The data →
━━━━━━━━━━━━━━━━━━━━━━━━━━━━━━
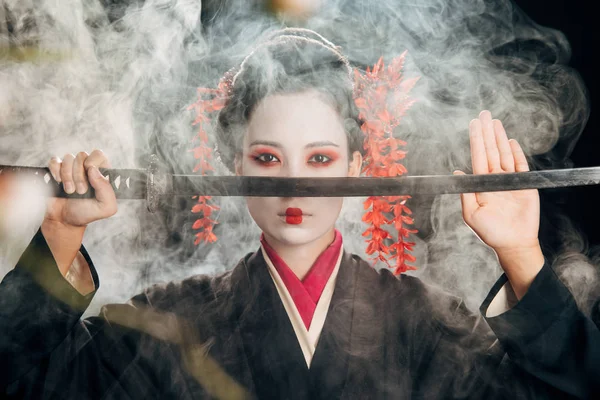 Foco seletivo da gueixa em quimono segurando katana em ramos de fumaça e sakura — Fotografia de Stock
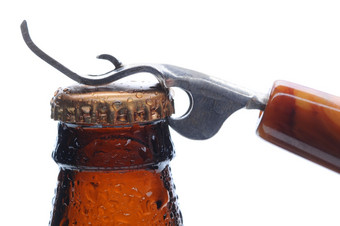 宏拍摄棕色（的）啤酒瓶与开瓶器准备好了撬的瓶帽水平格式在白色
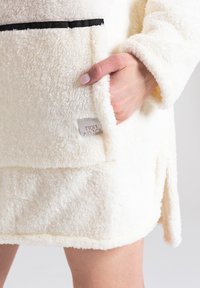 Kremowy polarowy szlafrok o puszystej fakturze, z przednią kieszenią i czarnym akcentem w postaci wstążki. Widoczna metka z logo na kieszeni.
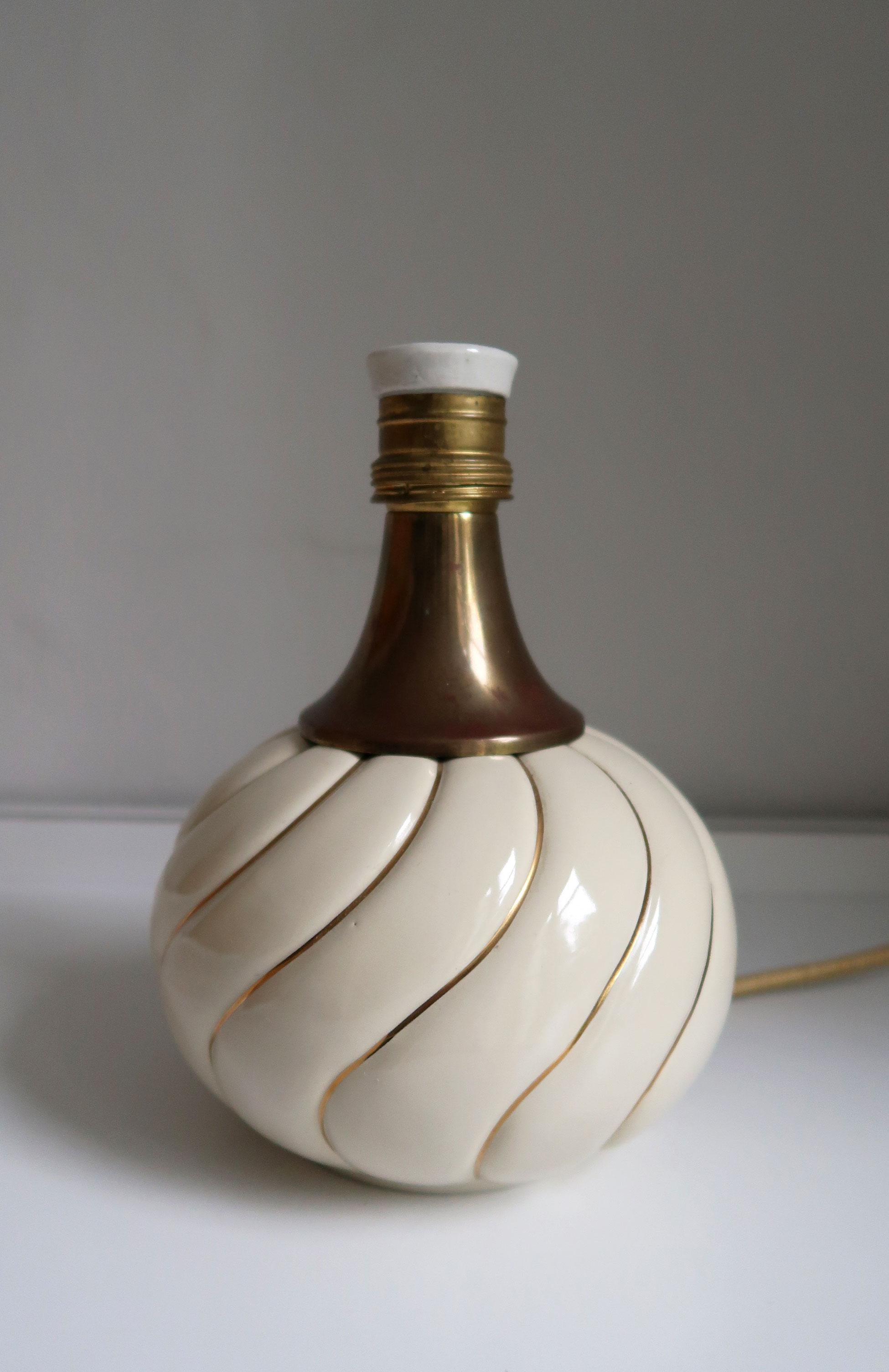 Curvy vintage Tommaso Barbi style table lamp. Ceramic cream colored lamp base with golden striped spiral pattern. Brass top and porcelain fitting. Rewired with golden fabric covered cord. In beautiful vintage condition.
━━━━━━━━━━━━━━━━━━━━━━━━━━━━━━
Requirement → Everything in the data must be printed verbatim except the pictures.

Response below →
 Foco seletivo da gueixa em quimono segurando katana em ramos de fumaça e sakura — Fotografia de Stock
 宏拍摄棕色（的）啤酒瓶与开瓶器准备好了撬的瓶帽水平格式在白色
 Kremowy polarowy szlafrok o puszystej fakturze, z przednią kieszenią i czarnym akcentem w postaci wstążki. Widoczna metka z logo na kieszeni.
 Curvy vintage Tommaso Barbi style table lamp. Ceramic cream colored lamp base with golden striped spiral pattern. Brass top and porcelain fitting. Rewired with golden fabric covered cord. In beautiful vintage condition.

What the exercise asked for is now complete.